Work task: Everything from the first line of the material to the line containing "MAKAM ARACIYLA GETİRDİ MÜZEYE VERDİ", inclusive, must be given again exactly; no pictures, and nothing past that line.

Records for processing:
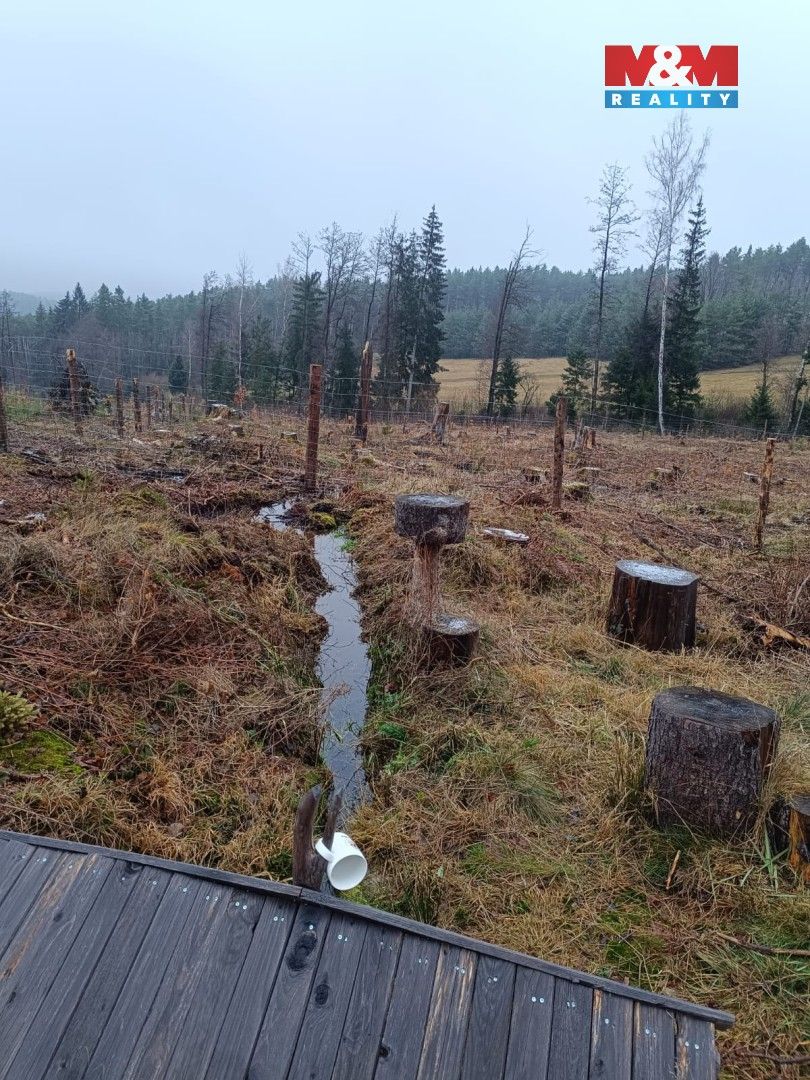 Prodej pozemek pro bydlení - Čestice, 387 19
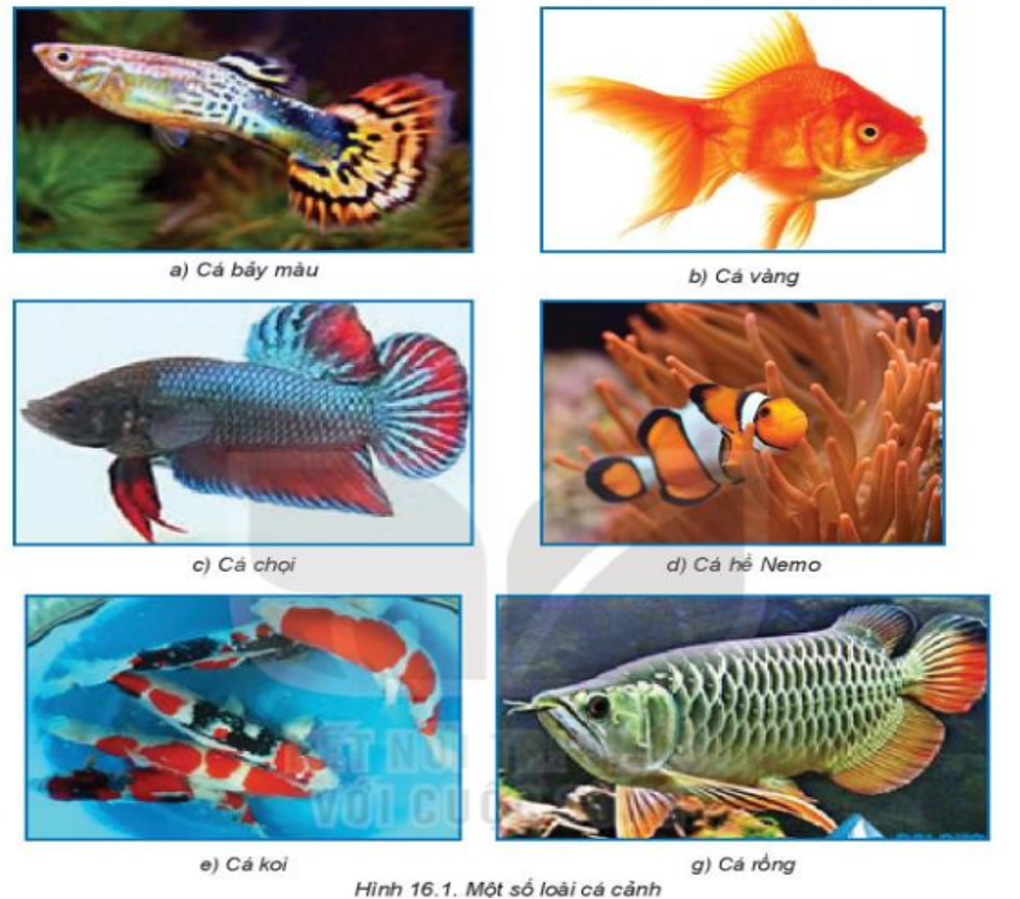 Lý thuyết Bài 16: Thực hành Lập kế hoạch nuôi cá cảnh chi tiết – Công nghệ lớp 7 Kết nối tri thức (ảnh 1)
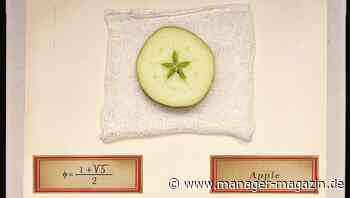 Wie Manager die Innovationsfreude hochhalten können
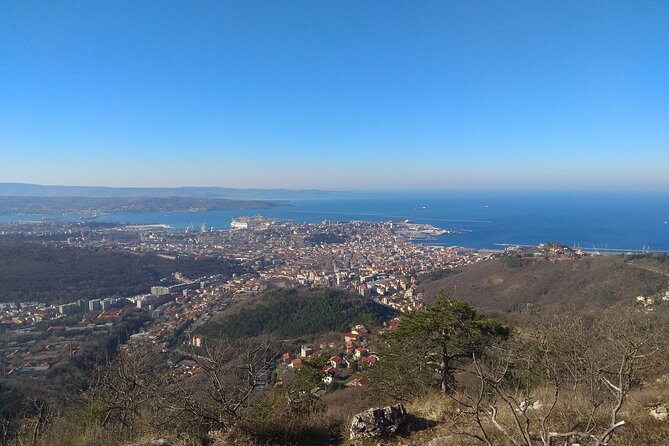 Experience Trieste - Roman Marks, Jewish History, and the Power of Guided Context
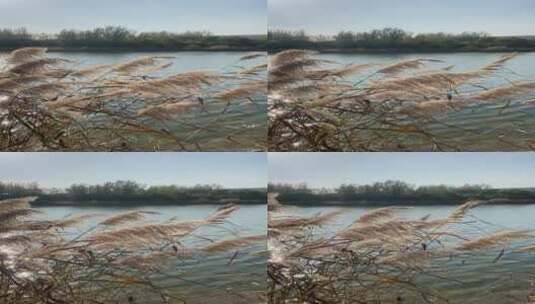 济南玉符河长清段，河流两侧秋景如画高清在线视频素材下载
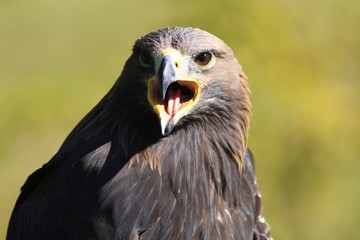 aigle royal portrait bec ouvert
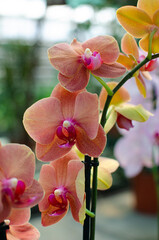 Fototapeta na wymiar Orchid flowers of different colors. Greenhouse of beautiful flowers. Orchid species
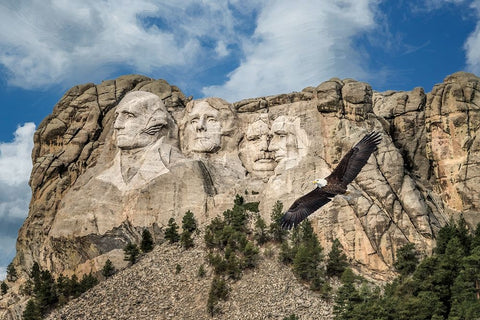 Mount Rushmore And Eagle White Modern Wood Framed Art Print with Double Matting by Galloimages Online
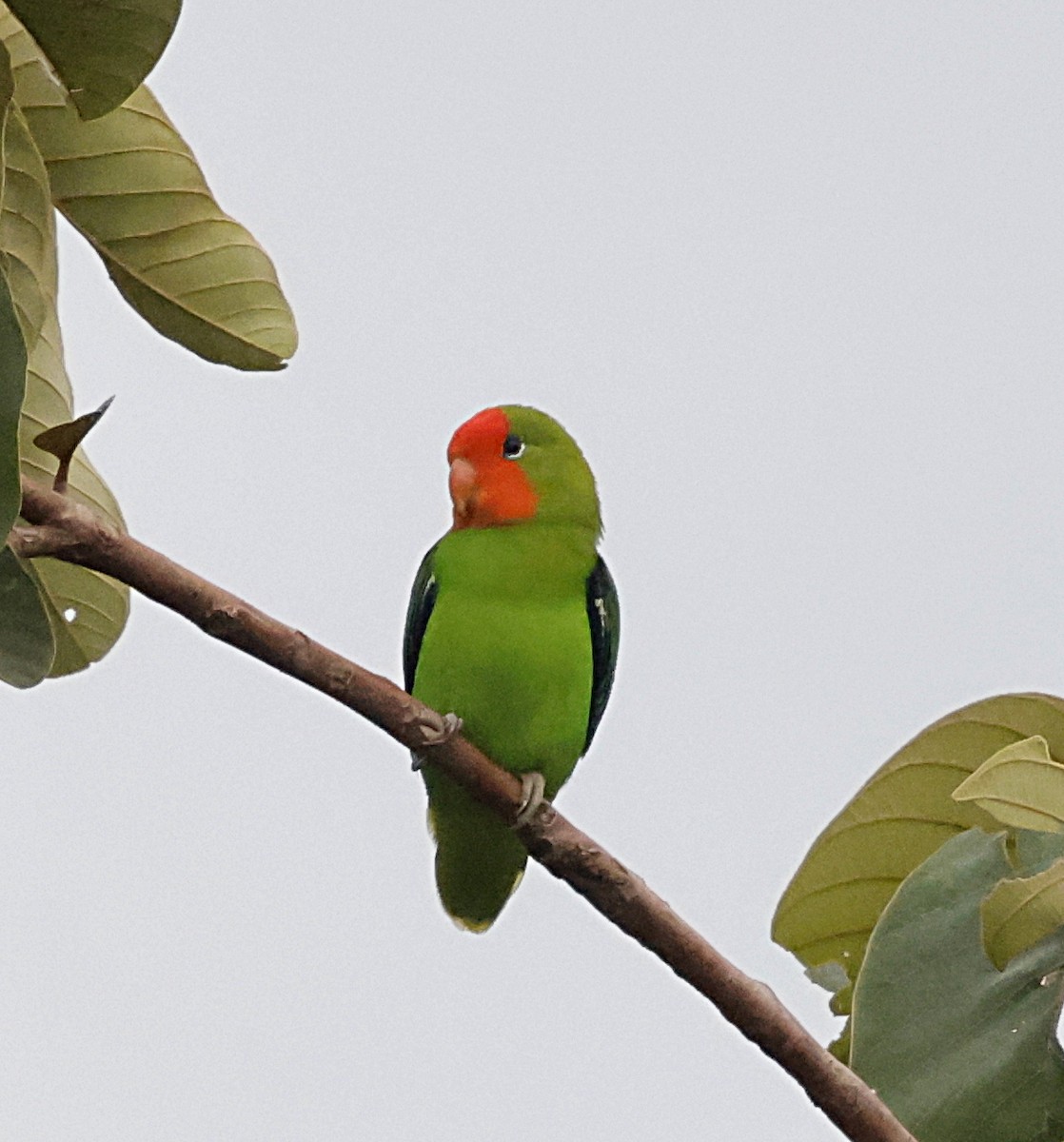 Red-headed Lovebird - ML639686587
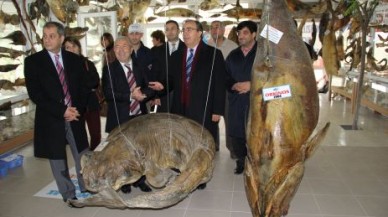 MAKAM ARACIYLA GETİRDİ MÜZEYE VERDİ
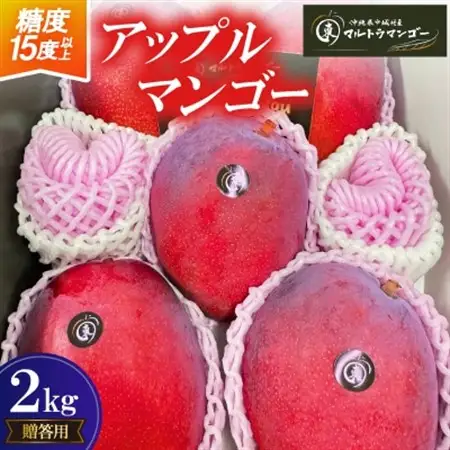 【2026年6月下旬から順次発送】マルトウマンゴーの贈答用アップルマンゴー2kg【配送不可地域：離島】【1670268】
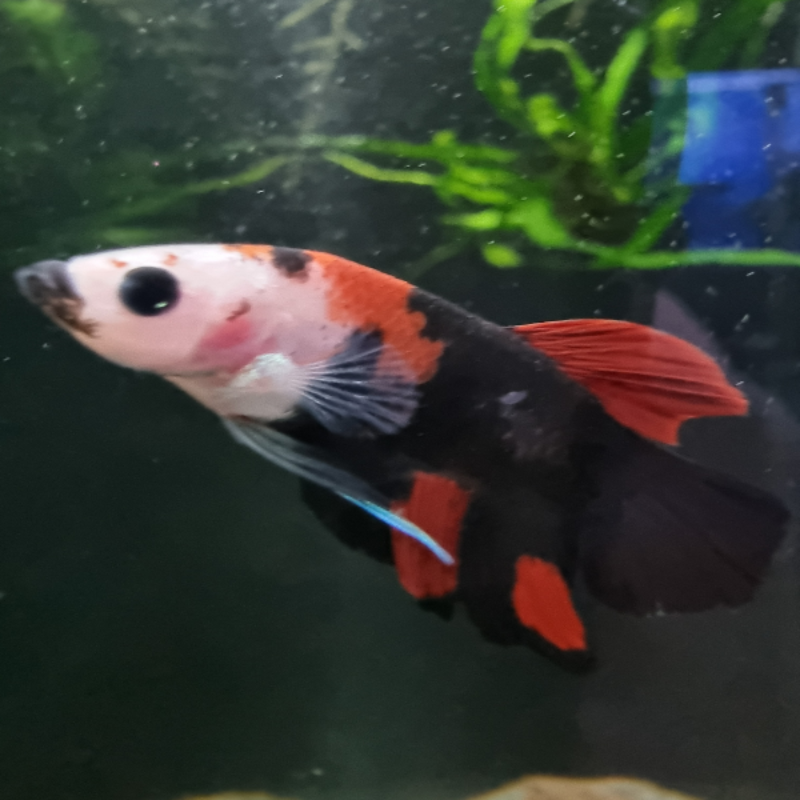 Tiger Koi Betta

Answer:
 Prodej pozemek pro bydlení - Čestice, 387 19
 Lý thuyết Bài 16: Thực hành Lập kế hoạch nuôi cá cảnh chi tiết – Công nghệ lớp 7 Kết nối tri thức (ảnh 1)
 Wie Manager die Innovationsfreude hochhalten können
 Experience Trieste - Roman Marks, Jewish History, and the Power of Guided Context
 济南玉符河长清段，河流两侧秋景如画高清在线视频素材下载
 aigle royal portrait bec ouvert
 Fototapeta na wymiar Orchid flowers of different colors. Greenhouse of beautiful flowers. Orchid species
 Mount Rushmore And Eagle White Modern Wood Framed Art Print with Double Matting by Galloimages Online
 Red-headed Lovebird - ML639686587
 MAKAM ARACIYLA GETİRDİ MÜZEYE VERDİ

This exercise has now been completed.